One of our favorite family picnic spots is the beach at Bean Hollow. It’s a picturesque beach just south of Pescadero. We’ll get up early and drive into the town of Pescadero to gather our gourmet picnic items…1st stop, Arcangeli Market for their freshly baked artichoke rosemary sourdough bread and some Harley farms goat cheese. Next stop, Duarte’s restaurant for a quart of their creamy artichoke soup and a couple of slices of olallieberry pie. We drive about a mile and a half and set up camp for the afternoon. The soup at Duarte’s is divine…I always trying to tweak my recipe… I just think it must be the location where it is made…just like it is really hard to get great sough dough outside of the SF bay area.

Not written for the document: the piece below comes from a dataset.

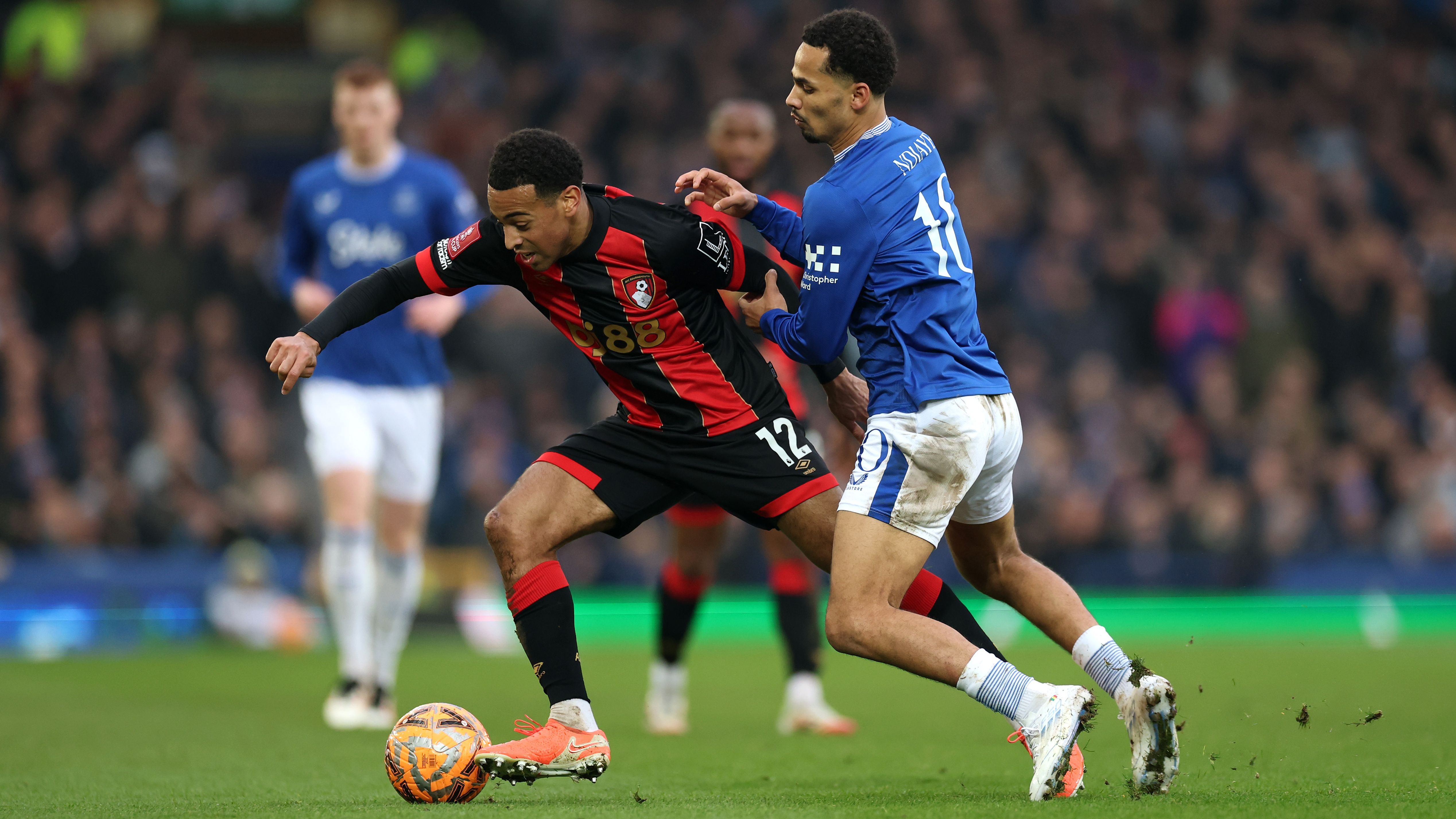 Everton v AFC Bournemouth - Emirates FA Cup Fourth Round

On occasion we have been known to stop at Duarte’s on the way home for dinner…..
8 frozen or fresh artichoke hearts
1 tbsp. salt plus a little more to taste
3 tbsp. butter
1 large onion chopped
2 tbsp. flour
5 cups of chicken broth
¼ cup whipping cream
Freshly ground black pepper
Cook hearts until tender in boiling, salted water, and then drain.

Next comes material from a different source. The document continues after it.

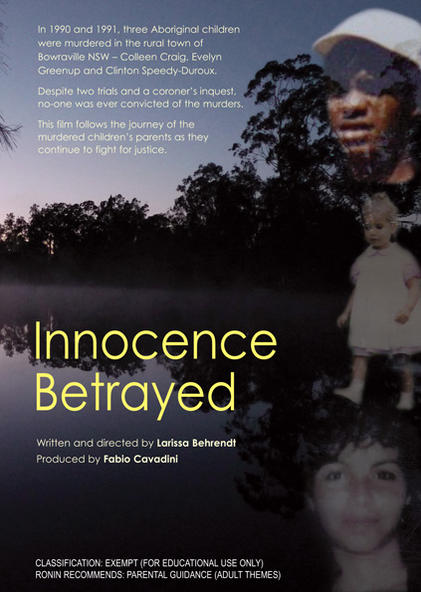 Innocence Betrayed - Carteles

In a pan over medium heat, melt butter. Add onion and stir until golden. Stir in flour stir for another 4 minutes. Add broth and artichoke hearts, stirs until mixture thickens 15-20 minutes.
Puree mixture with a hand blender or carefully in a blender until smooth. Strain through a mesh strainer and stir in cream. Season with salt and pepper.